──────── Stored data ────────
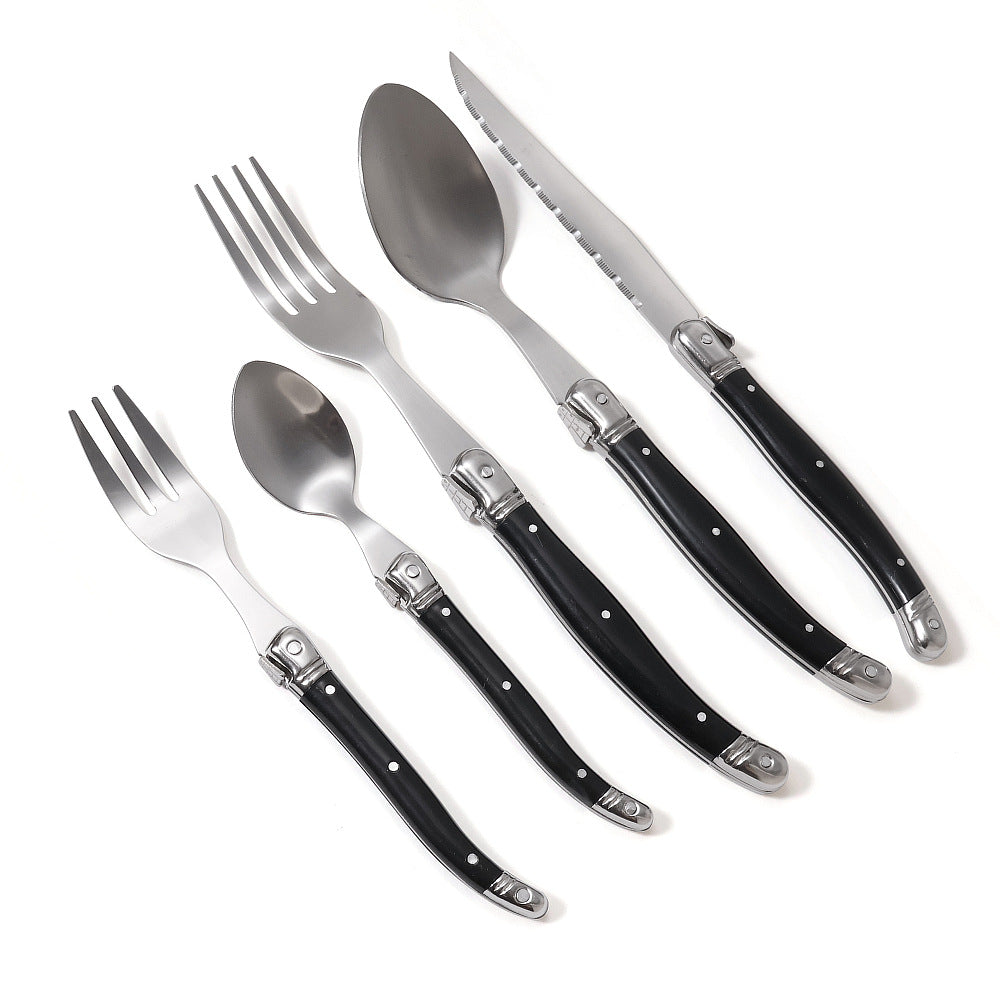 Factory spot stainless steel cutlery western food knives and forks spoon plastic handle cutlery set daily western food knives and forks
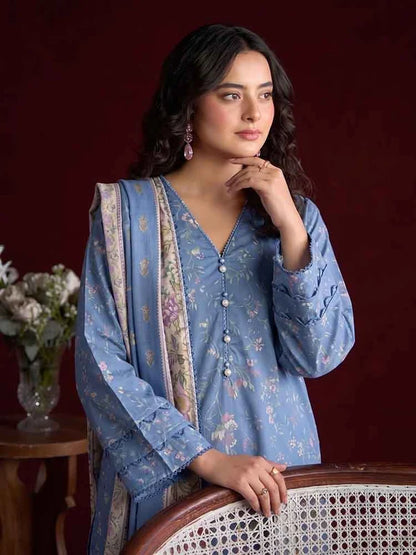 RHEA 3-Piece Unstitched Digital Printed Leather Linen Suit for Women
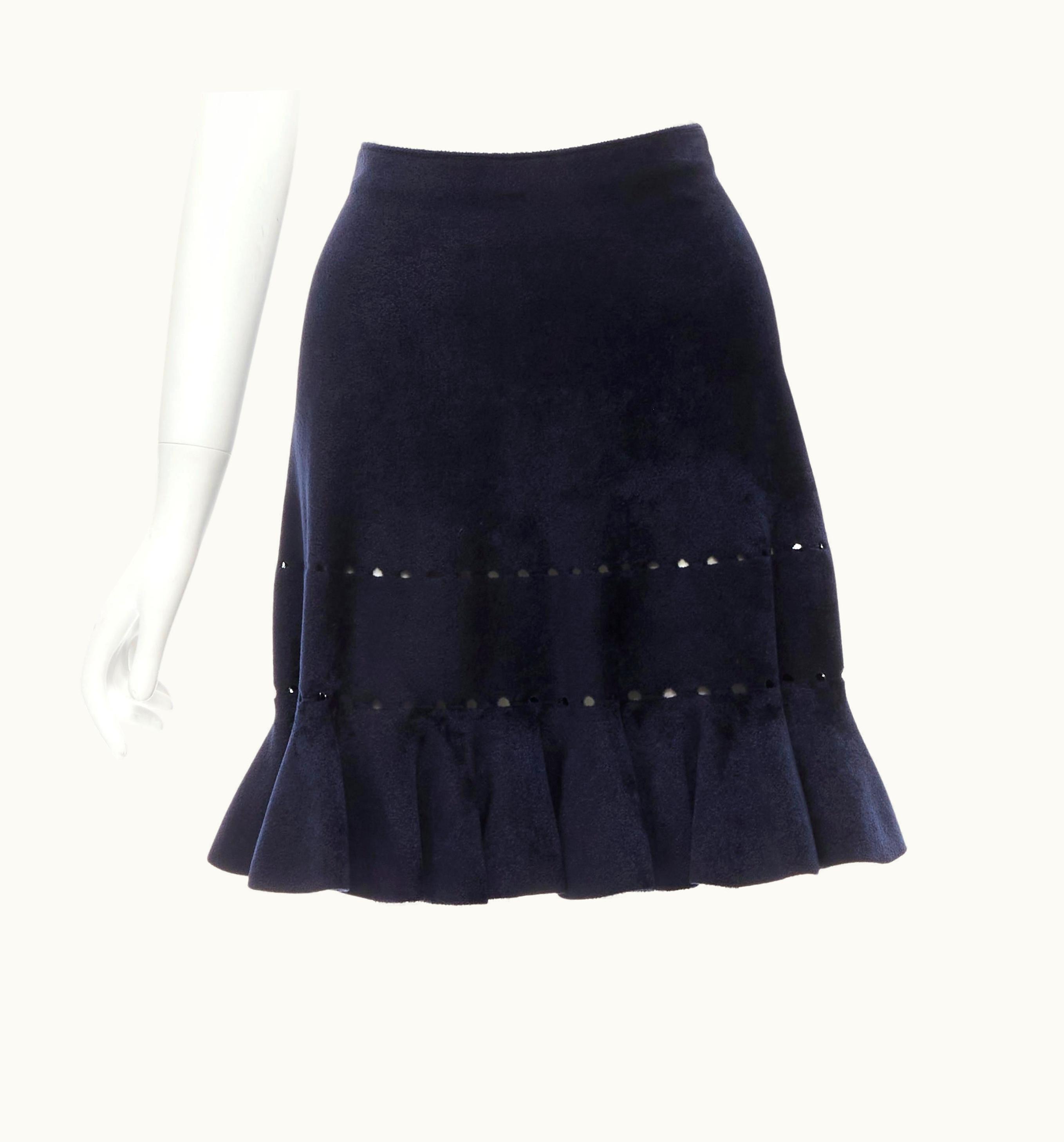 Alaia Alaia Black Velour Geometric Cut Out Flared Hem Skirt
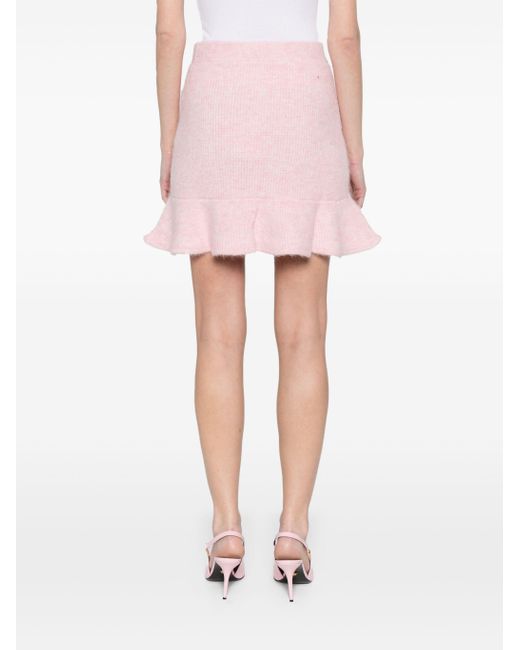 Self-Portrait Gebreide Mini-Rok in het Pink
────────
# Work task
For this exercise, reproduce the data above exactly from the line containing "RHEA 3-Piece Unstitched" through its final line, both ends included, with no pictures in the copy.

# Solution to this problem
 RHEA 3-Piece Unstitched Digital Printed Leather Linen Suit for Women
 Alaia Alaia Black Velour Geometric Cut Out Flared Hem Skirt
 Self-Portrait Gebreide Mini-Rok in het Pink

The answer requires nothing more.